Source data Block Start

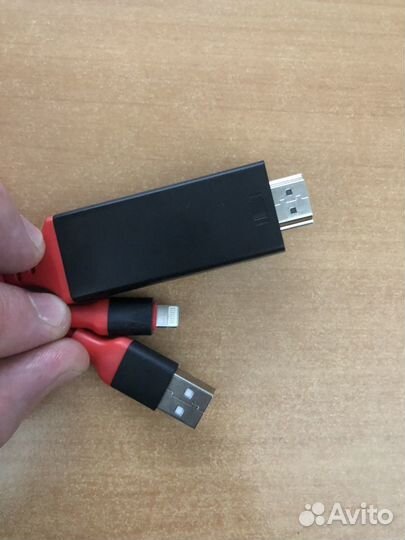 Переходник Apple iPhone Lightning hdmi айфон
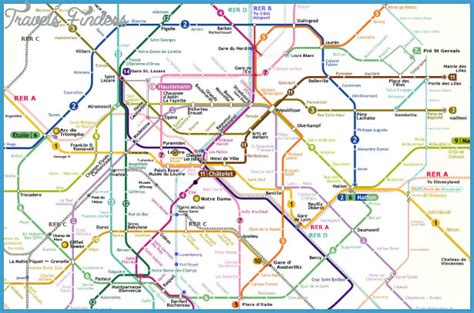 Nice France Metro Map Travelsfinderscom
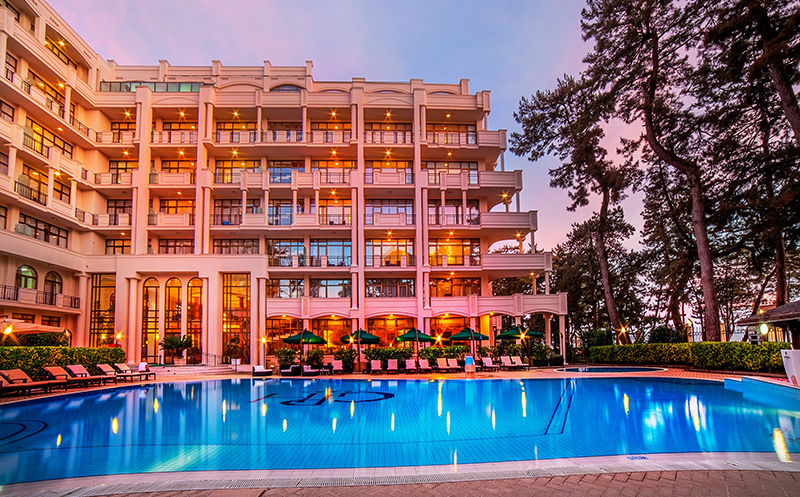 ისარგებლე ფასდაკლებით ნომერში 2 სტუმრის განთავსებაზე ჯორჯია პალას ჰოტელ & სპა ქობულეთი | Georgia Palace Hotel & Spa Kobuleti -ში. image 5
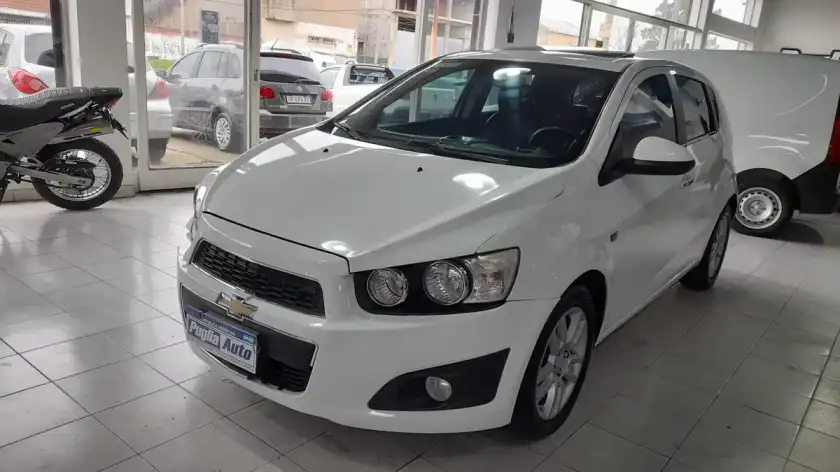 Chevrolet Sonic 1.6 Ltz Mt Mx 2015 - foto 2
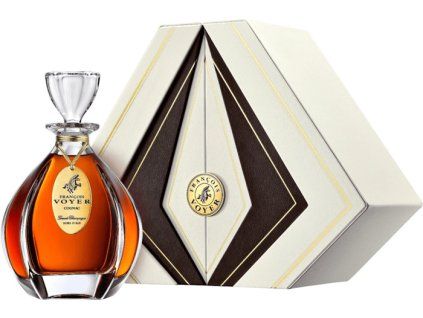 Francois Voyer Hors d'Age v Karafe 43% 0,7l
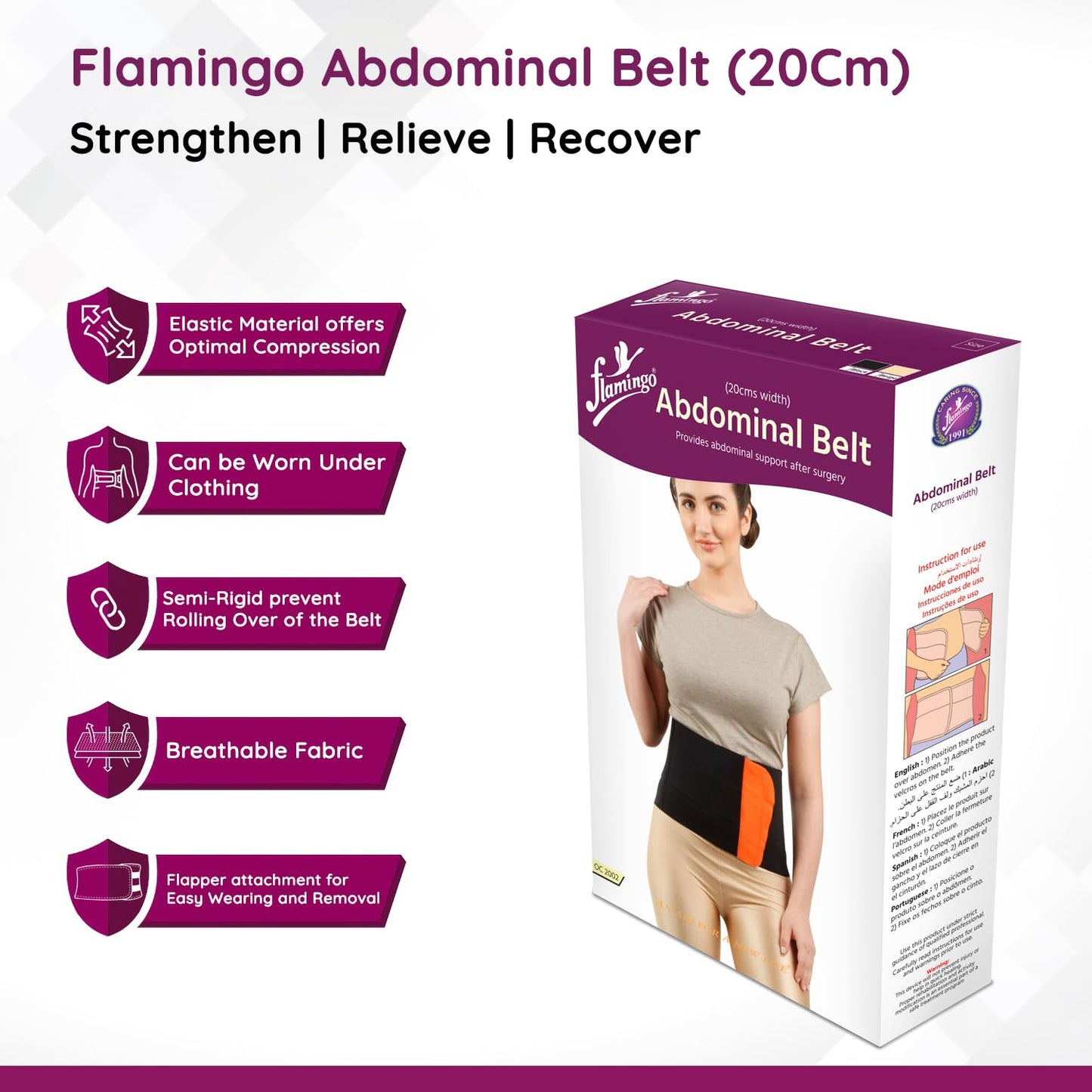 Flamingo Abdominal Belt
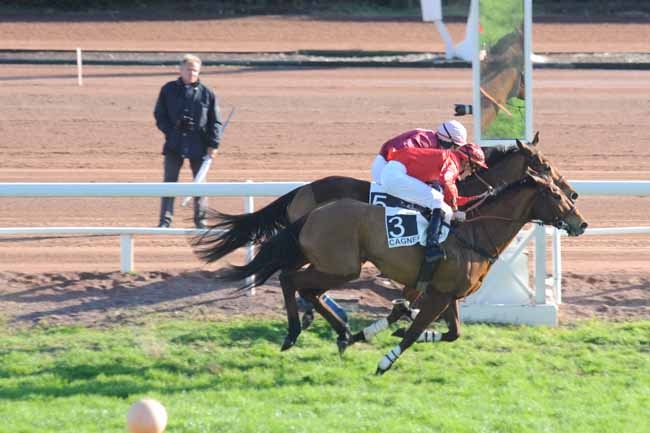 Arrivée quinté pmu PRIX DU MONT VIAL à CAGNES-SUR-MER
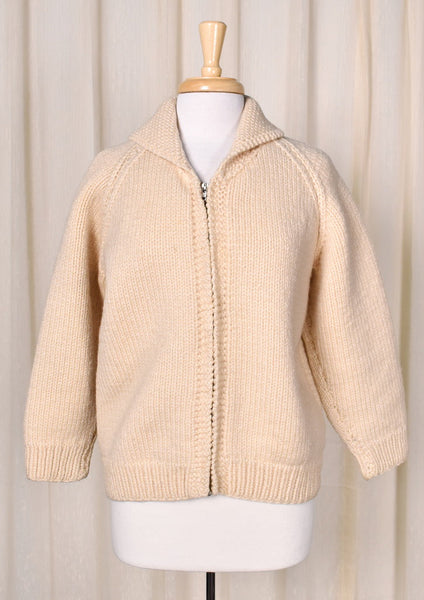 1950s Vintage Lola's Pub Cardigan Cats Like Us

Source data Block End

**Task directions**
Will you restate every entry word for word and omit the images?

**Response to this exercise**
 Переходник Apple iPhone Lightning hdmi айфон
 Nice France Metro Map Travelsfinderscom
 ისარგებლე ფასდაკლებით ნომერში 2 სტუმრის განთავსებაზე ჯორჯია პალას ჰოტელ & სპა ქობულეთი | Georgia Palace Hotel & Spa Kobuleti -ში. image 5
 Chevrolet Sonic 1.6 Ltz Mt Mx 2015 - foto 2
 Francois Voyer Hors d'Age v Karafe 43% 0,7l
 Flamingo Abdominal Belt
 Arrivée quinté pmu PRIX DU MONT VIAL à CAGNES-SUR-MER
 1950s Vintage Lola's Pub Cardigan Cats Like Us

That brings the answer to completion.